Exercise objective — After locating the line that contains "this 1200×675 image." in the following entries, reproduce it and each later line exactly, including the last.

========================================================================

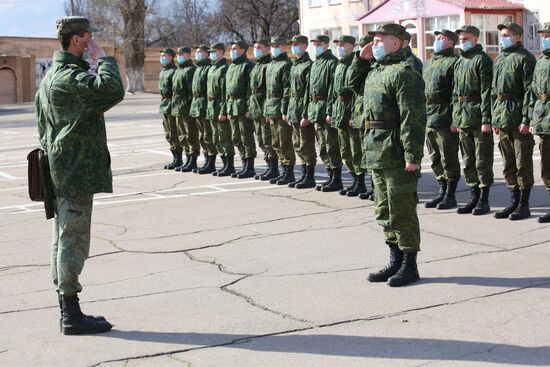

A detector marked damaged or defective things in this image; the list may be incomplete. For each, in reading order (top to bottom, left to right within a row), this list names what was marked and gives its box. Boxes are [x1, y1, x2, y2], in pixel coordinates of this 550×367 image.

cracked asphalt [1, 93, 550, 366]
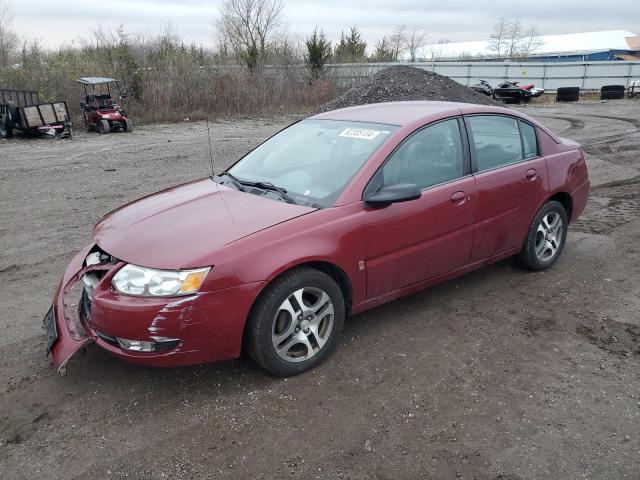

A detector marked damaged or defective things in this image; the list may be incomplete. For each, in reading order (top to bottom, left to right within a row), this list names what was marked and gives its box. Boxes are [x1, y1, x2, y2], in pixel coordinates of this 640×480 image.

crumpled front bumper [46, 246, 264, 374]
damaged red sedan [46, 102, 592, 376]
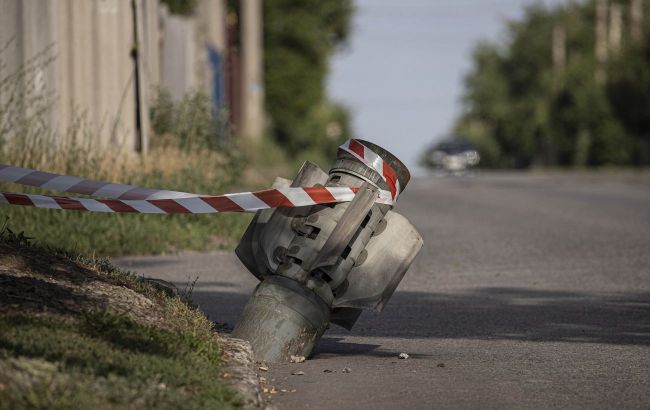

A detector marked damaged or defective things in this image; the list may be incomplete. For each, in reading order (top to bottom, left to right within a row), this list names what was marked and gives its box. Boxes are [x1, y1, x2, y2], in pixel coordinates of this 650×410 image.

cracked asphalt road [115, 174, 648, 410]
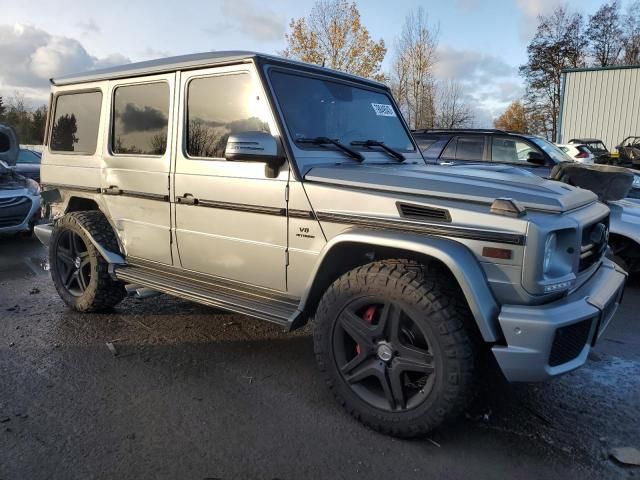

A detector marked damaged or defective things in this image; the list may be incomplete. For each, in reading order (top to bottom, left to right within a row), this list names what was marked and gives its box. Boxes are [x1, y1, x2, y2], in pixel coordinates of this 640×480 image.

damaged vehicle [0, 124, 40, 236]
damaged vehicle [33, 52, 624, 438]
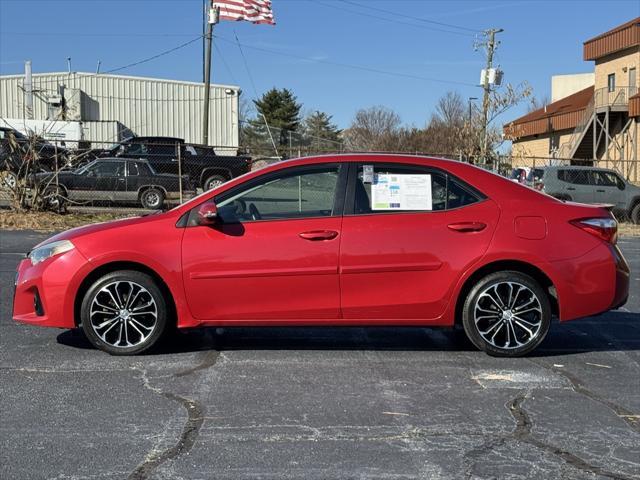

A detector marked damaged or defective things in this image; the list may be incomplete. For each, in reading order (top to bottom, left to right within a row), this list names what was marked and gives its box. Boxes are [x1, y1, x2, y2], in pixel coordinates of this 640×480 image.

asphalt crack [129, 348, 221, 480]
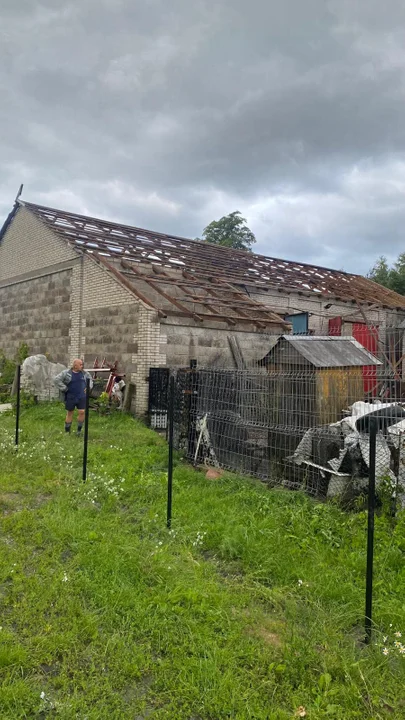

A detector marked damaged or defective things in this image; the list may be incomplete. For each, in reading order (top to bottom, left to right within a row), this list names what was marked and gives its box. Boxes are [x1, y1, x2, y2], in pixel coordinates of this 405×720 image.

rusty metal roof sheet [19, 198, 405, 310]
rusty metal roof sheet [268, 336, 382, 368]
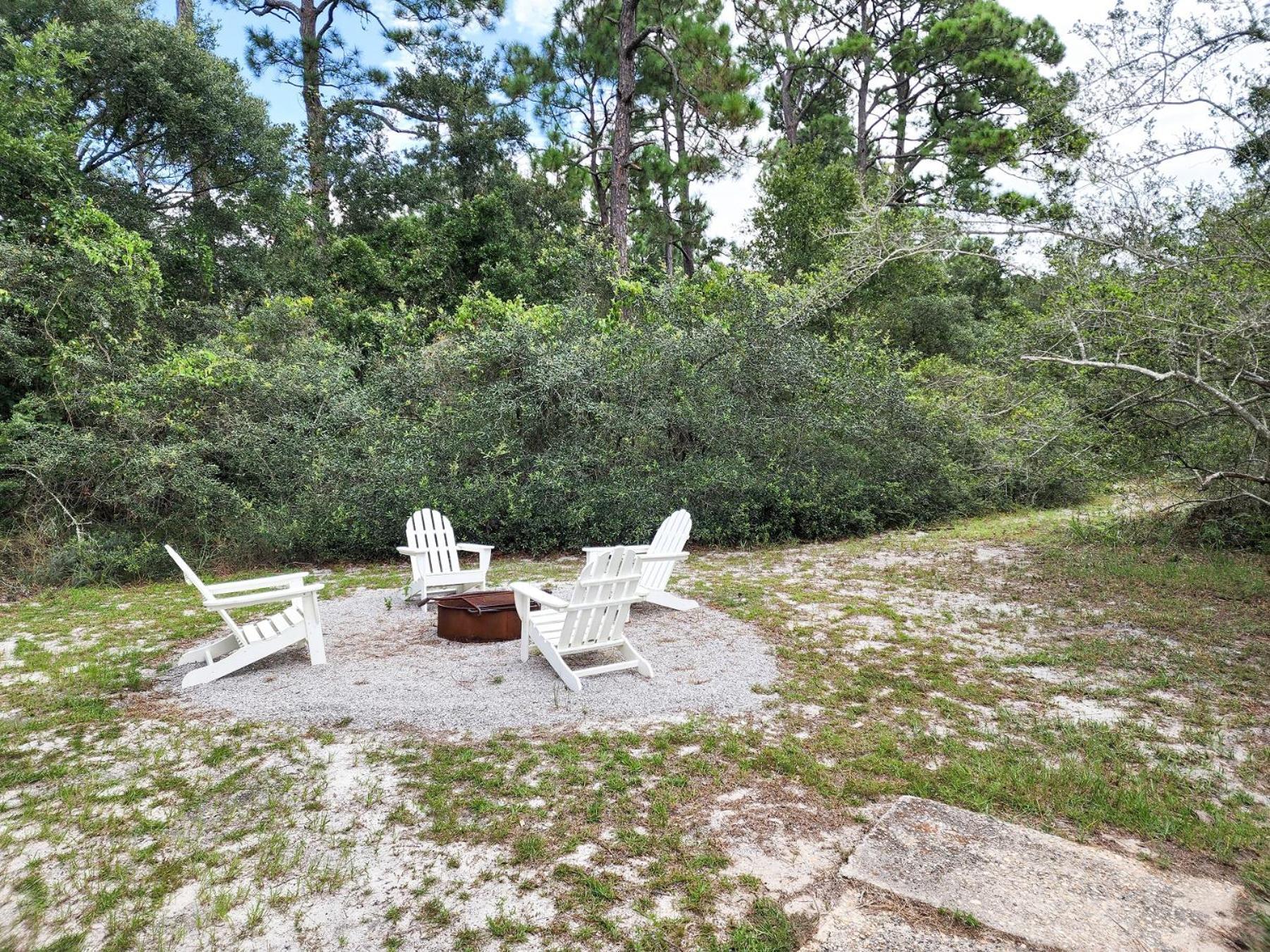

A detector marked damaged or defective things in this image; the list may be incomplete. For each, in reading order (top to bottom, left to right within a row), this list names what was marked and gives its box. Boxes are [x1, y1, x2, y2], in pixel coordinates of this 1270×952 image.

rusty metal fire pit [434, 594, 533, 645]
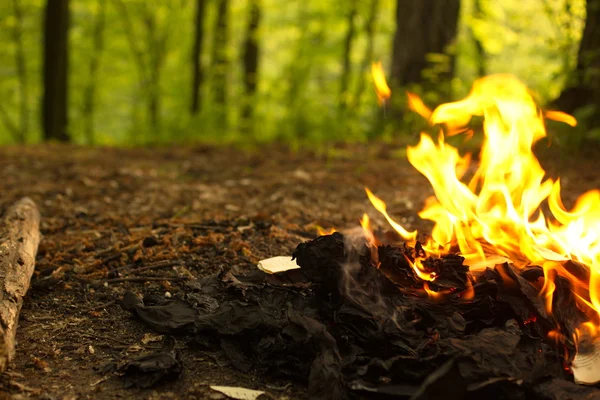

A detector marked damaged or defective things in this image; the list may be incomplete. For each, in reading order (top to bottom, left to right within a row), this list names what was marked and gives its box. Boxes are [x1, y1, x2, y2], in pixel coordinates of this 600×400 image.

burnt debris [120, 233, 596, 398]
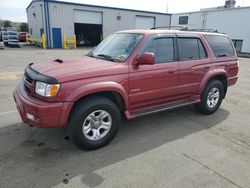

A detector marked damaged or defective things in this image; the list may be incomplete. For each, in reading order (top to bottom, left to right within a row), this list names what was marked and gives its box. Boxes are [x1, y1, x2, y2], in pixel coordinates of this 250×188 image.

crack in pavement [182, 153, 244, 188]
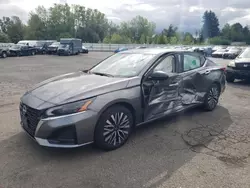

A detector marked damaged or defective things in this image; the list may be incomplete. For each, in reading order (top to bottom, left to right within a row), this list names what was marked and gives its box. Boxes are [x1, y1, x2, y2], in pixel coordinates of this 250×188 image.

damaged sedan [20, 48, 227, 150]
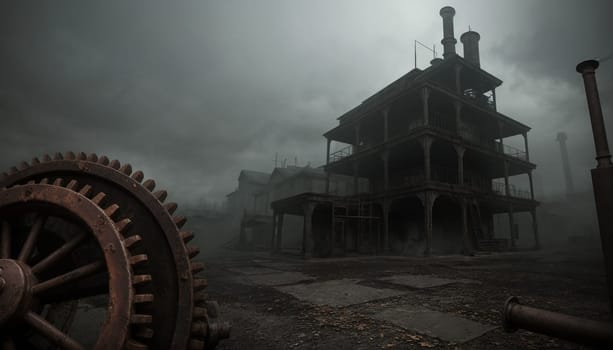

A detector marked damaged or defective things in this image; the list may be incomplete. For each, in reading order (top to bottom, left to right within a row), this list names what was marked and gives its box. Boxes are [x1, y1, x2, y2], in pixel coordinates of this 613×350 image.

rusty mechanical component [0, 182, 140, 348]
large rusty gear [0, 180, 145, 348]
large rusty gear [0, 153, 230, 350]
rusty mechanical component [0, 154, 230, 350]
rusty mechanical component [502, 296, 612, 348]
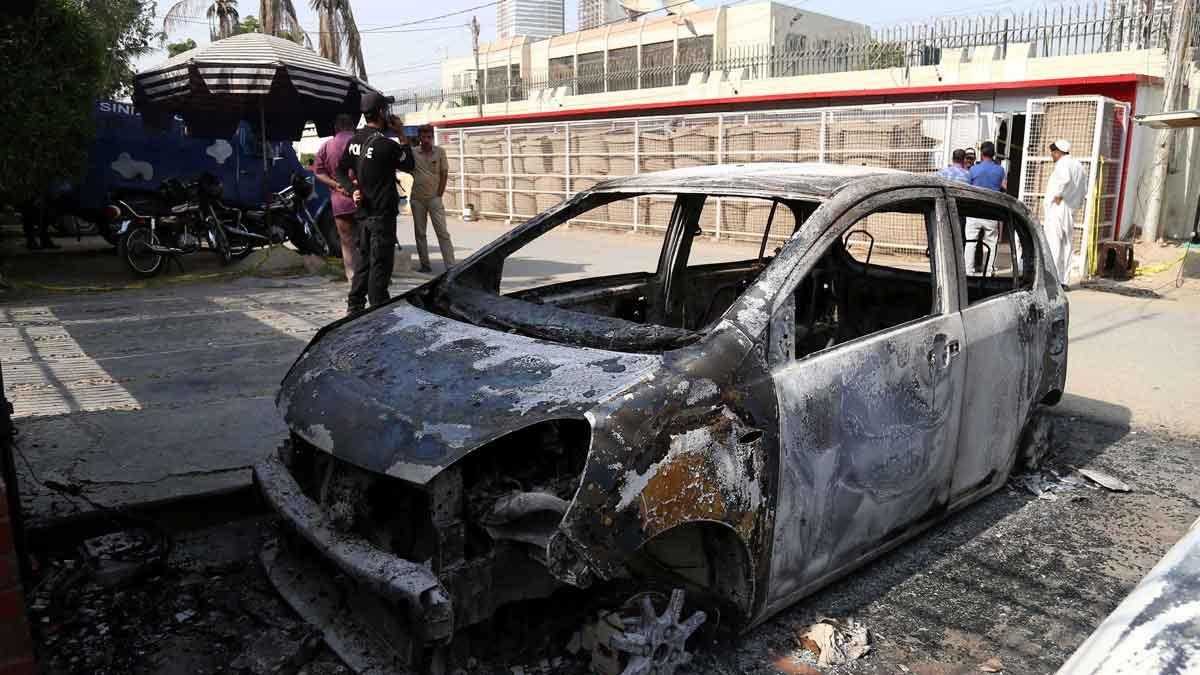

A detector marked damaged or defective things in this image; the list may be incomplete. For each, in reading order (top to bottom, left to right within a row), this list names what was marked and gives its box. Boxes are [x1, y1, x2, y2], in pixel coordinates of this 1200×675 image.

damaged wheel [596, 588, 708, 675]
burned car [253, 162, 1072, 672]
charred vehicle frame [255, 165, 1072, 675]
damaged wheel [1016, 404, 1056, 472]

========================================================================

Result —
A detector marked damaged or defective things in this image; the list may be incomplete. For each, in reading order (top to bottom, left to right within a row), this list names what was marked and gives its box. Boxes are [x1, y1, x2, y2], in pixel coordinates of this 1200×675 image.

damaged wheel [596, 588, 708, 675]
burned car [253, 162, 1072, 672]
charred vehicle frame [255, 165, 1072, 675]
damaged wheel [1016, 404, 1056, 472]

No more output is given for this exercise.